Exercise
All entries need to be written out again exactly, without their pictures.
§ §
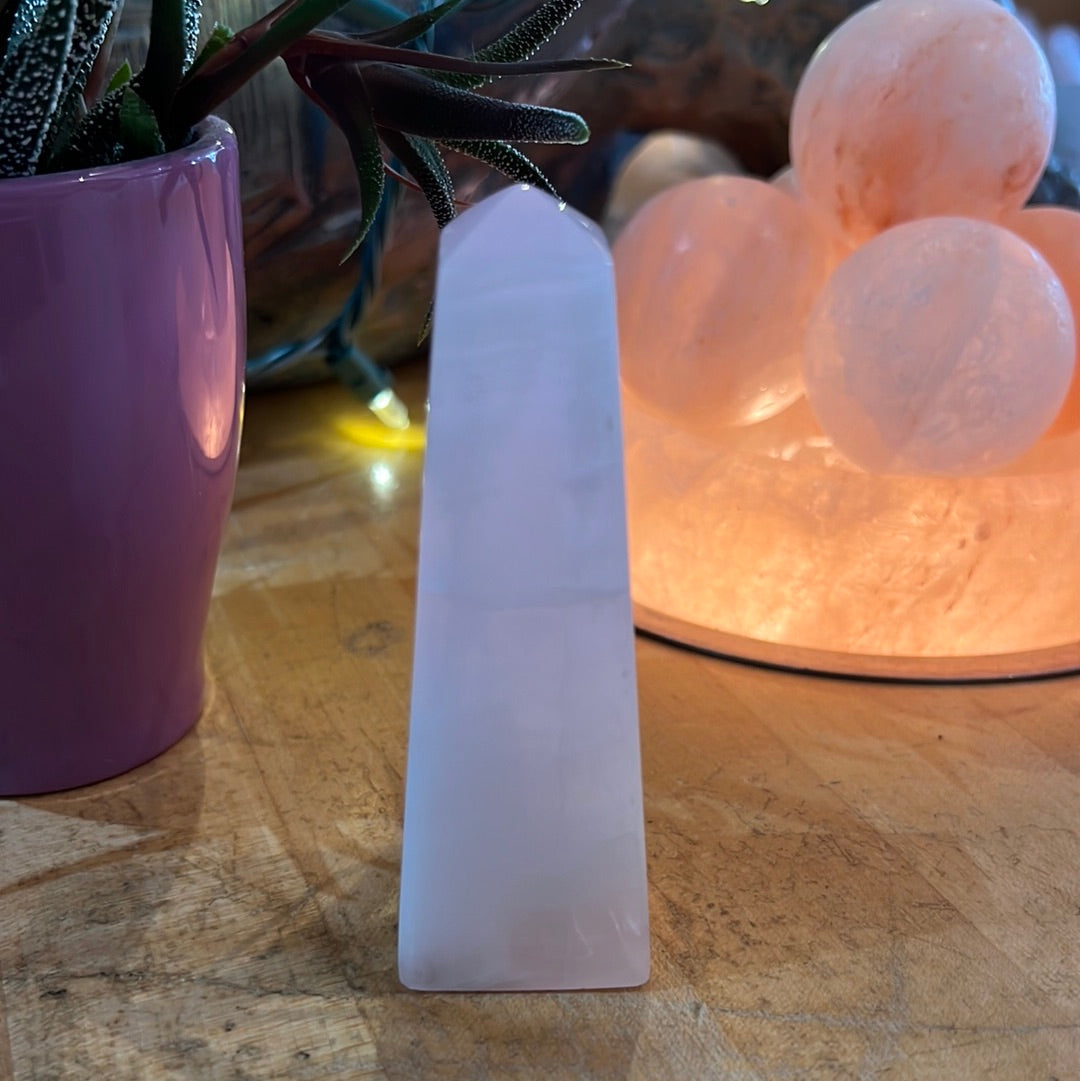 Pink Calcite Tower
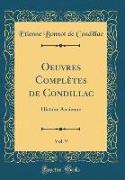 Oeuvres Complètes de Condillac, Vol. 9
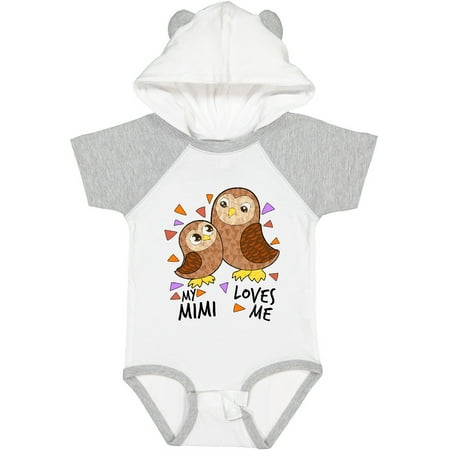 

Inktastic My Mimi Loves Me- Cute Owl Family Gift Baby Boy or Baby Girl Bodysuit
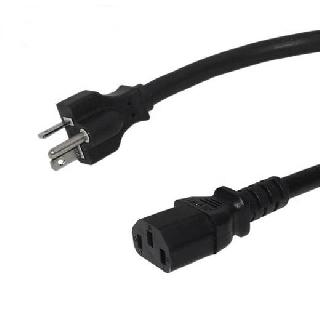 INST CORD 3/14 4FT BLK 15A 250V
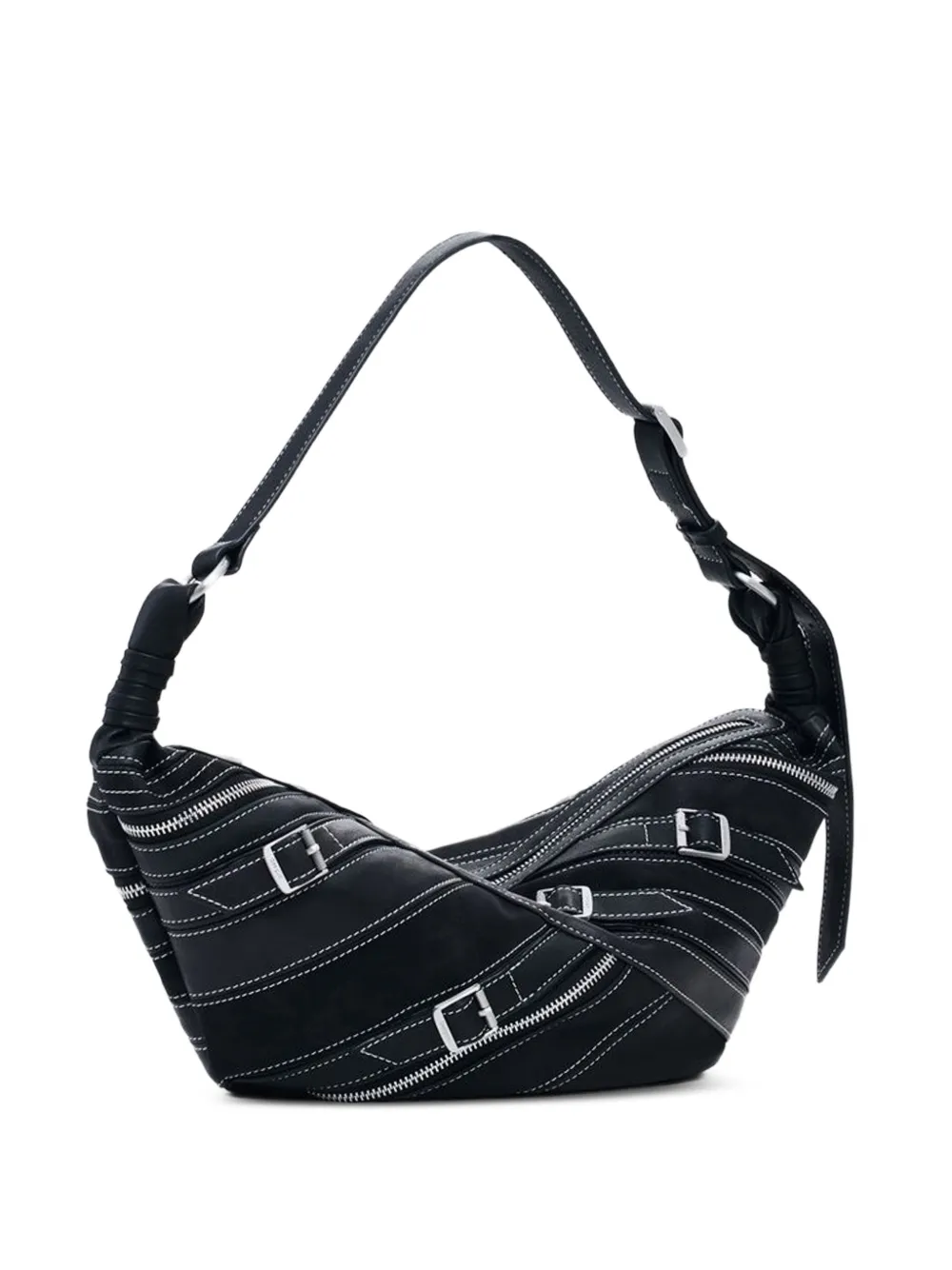 Desigual Schoudertas met gesp-detail en rits Zwart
§ §
Completed exercise
 Pink Calcite Tower
 Oeuvres Complètes de Condillac, Vol. 9

Inktastic My Mimi Loves Me- Cute Owl Family Gift Baby Boy or Baby Girl Bodysuit
 INST CORD 3/14 4FT BLK 15A 250V
 Desigual Schoudertas met gesp-detail en rits Zwart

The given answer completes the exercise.